● **Records to process**

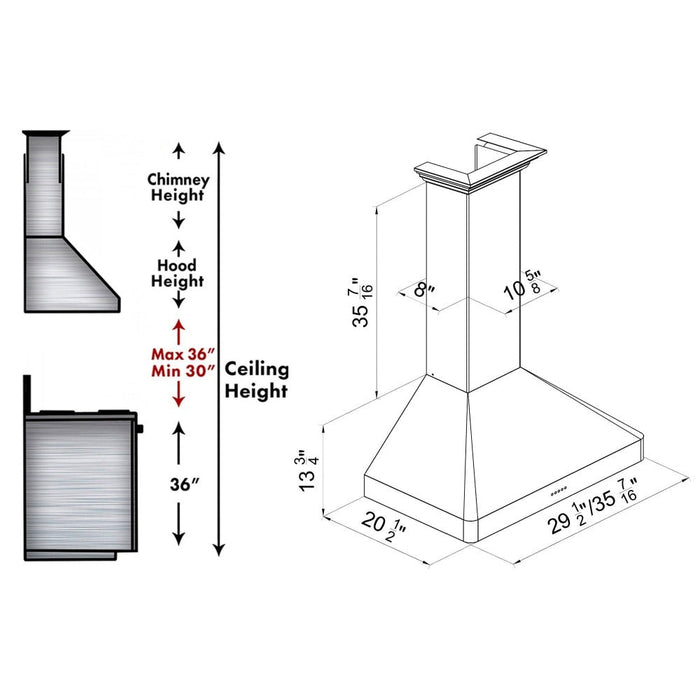 ZLINE Wall Mount Range Hood in Fingerprint Resistant Stainless Steel (8KF2S)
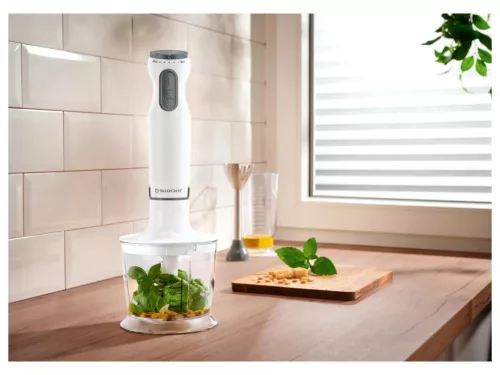 SilverCrest SSMS 600 G1 WH Nemesacél 2 az 1-ben botmixer szett, rúdmixer készlet 500 ml aprítóval, 700 ml keverőpohárral, fehér, 600 W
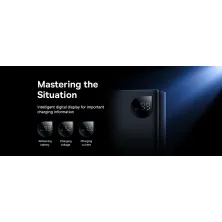 УМБ Baseus Adaman 24000mAh 140W 6A з технологією QC3.0+PD3.0 USB+2Type-C+ кабель Type-C to Type-C 100W 20V/5A 1м Чорний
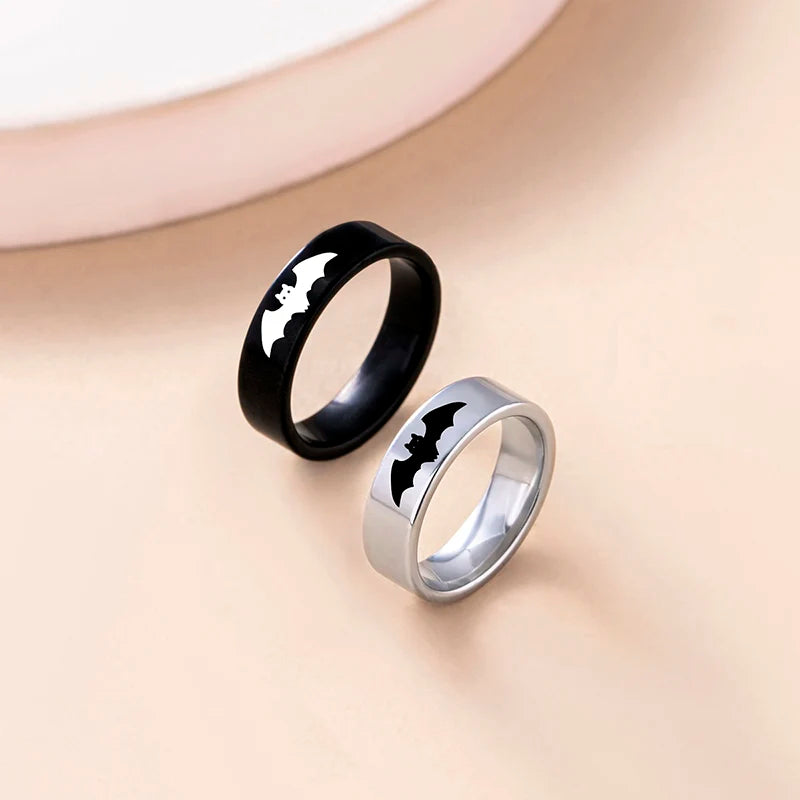 Punk Black Silver Bat Couple Rings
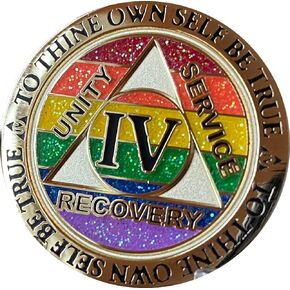 4 Year AA Medallion Reflex Rainbow Glitter and Gold Plated Sobriety Chip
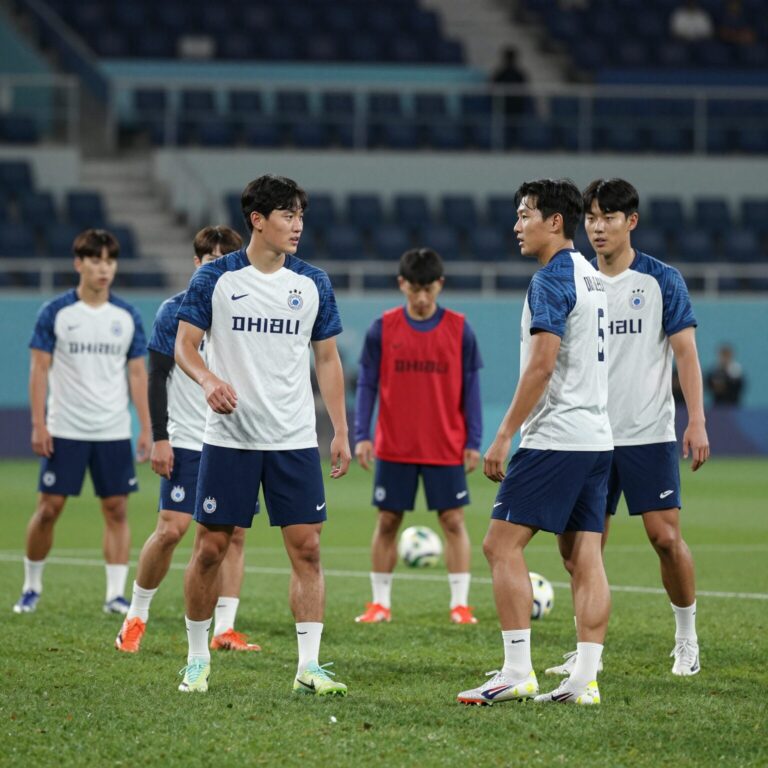 파라과이 대표팀 선수들이 경기장에서 훈련하는 모습, 2026 북중미 월드컵 D조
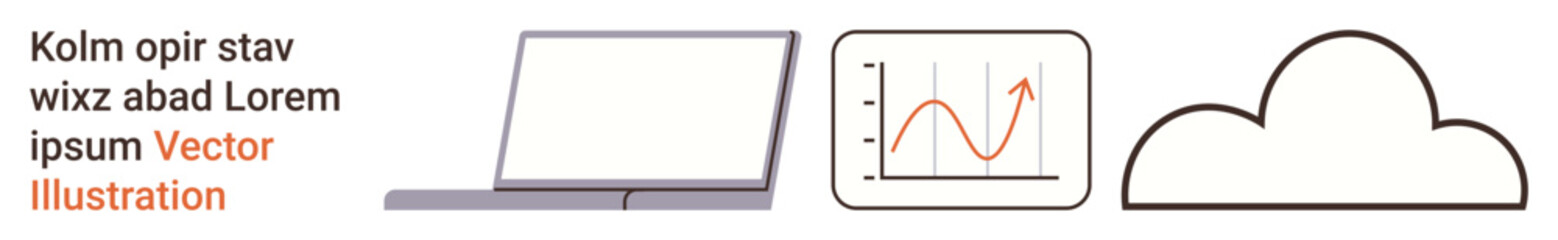 Obraz premium Cloud computing, data visualization, storage solutions, online analytics, file sharing, remote work. A laptop, a data chart and a cloud icon combination. Cloud computing and data visualization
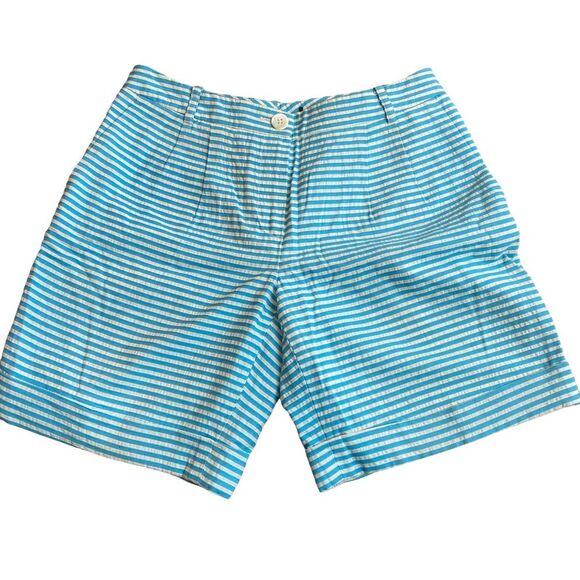 Brooks Brothers Seersucker Short Size‎ 4 Aqua Blue and White Stripe 100% Cotton - Picture 1 of 10
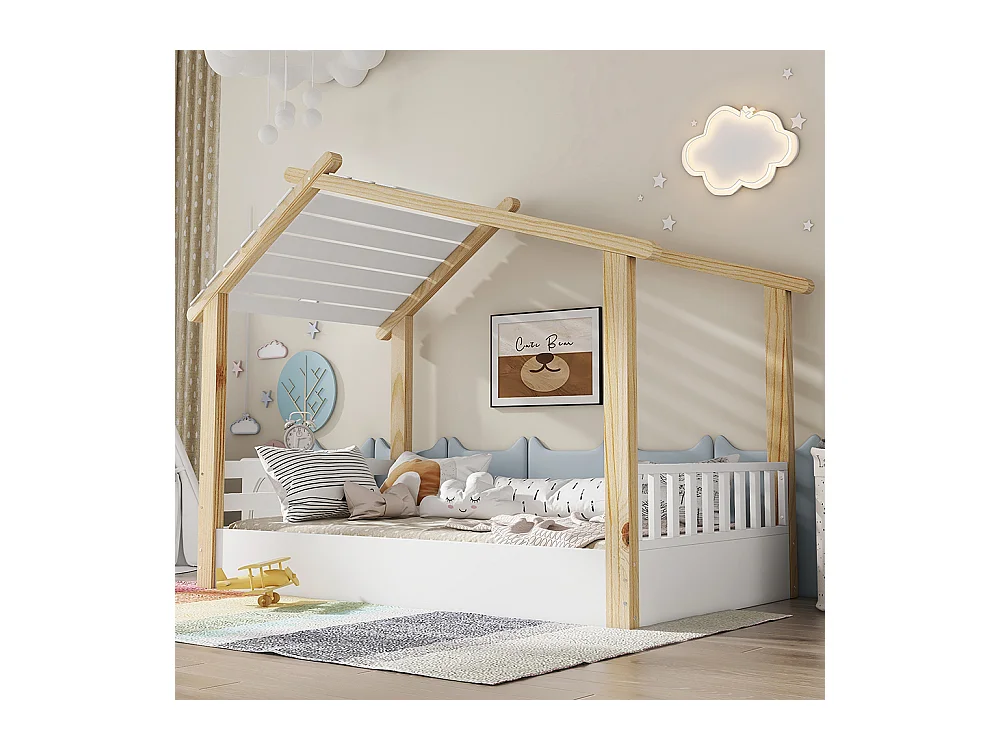 Kinderbett 90 x 200 cm, Design in Form einer Hütte, robuster Lattenrost, Kiefer + Spanplatte + MDF, weiß + naturfarben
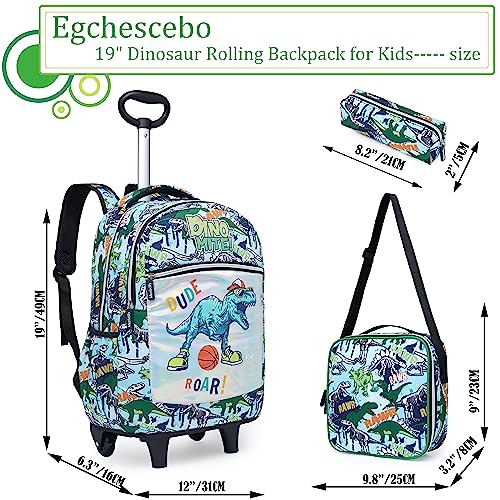 Egchescebo Kids Dinosaurs Rolling Backpack for Boys Suitcases Backpacks 18" 3PCS Travel Luggage Roller Backpacks Wheels with Lunch Box Pencil Case for Elementary School Bag With O-Handle Trolley Bags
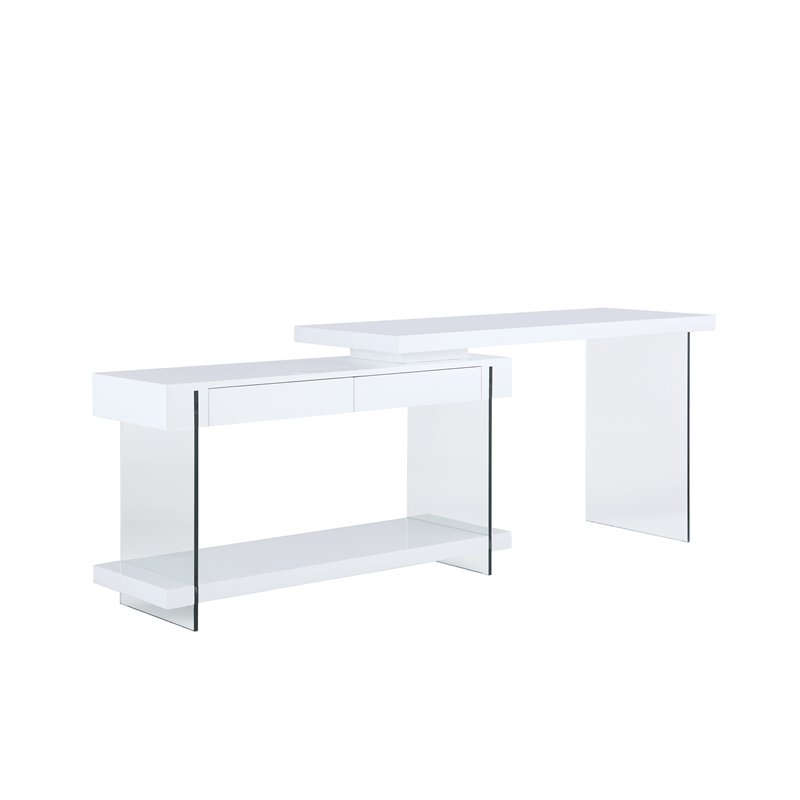 Home Square 2-Piece Set with Rotatable Desk and Bookcase in Clear & White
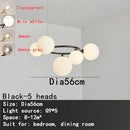 GobekUsa Black Magic Bean Ceiling Chandelier with Golden Lamp Body Glass Pendant Light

● **About this task**
Omit every picture while transcribing the records above exactly.

● **Response to this exercise**
 ZLINE Wall Mount Range Hood in Fingerprint Resistant Stainless Steel (8KF2S)
 SilverCrest SSMS 600 G1 WH Nemesacél 2 az 1-ben botmixer szett, rúdmixer készlet 500 ml aprítóval, 700 ml keverőpohárral, fehér, 600 W
 УМБ Baseus Adaman 24000mAh 140W 6A з технологією QC3.0+PD3.0 USB+2Type-C+ кабель Type-C to Type-C 100W 20V/5A 1м Чорний
 Punk Black Silver Bat Couple Rings
 4 Year AA Medallion Reflex Rainbow Glitter and Gold Plated Sobriety Chip
 파라과이 대표팀 선수들이 경기장에서 훈련하는 모습, 2026 북중미 월드컵 D조
 Obraz premium Cloud computing, data visualization, storage solutions, online analytics, file sharing, remote work. A laptop, a data chart and a cloud icon combination. Cloud computing and data visualization
 Brooks Brothers Seersucker Short Size‎ 4 Aqua Blue and White Stripe 100% Cotton - Picture 1 of 10
 Kinderbett 90 x 200 cm, Design in Form einer Hütte, robuster Lattenrost, Kiefer + Spanplatte + MDF, weiß + naturfarben
 Egchescebo Kids Dinosaurs Rolling Backpack for Boys Suitcases Backpacks 18" 3PCS Travel Luggage Roller Backpacks Wheels with Lunch Box Pencil Case for Elementary School Bag With O-Handle Trolley Bags
 Home Square 2-Piece Set with Rotatable Desk and Bookcase in Clear & White
 GobekUsa Black Magic Bean Ceiling Chandelier with Golden Lamp Body Glass Pendant Light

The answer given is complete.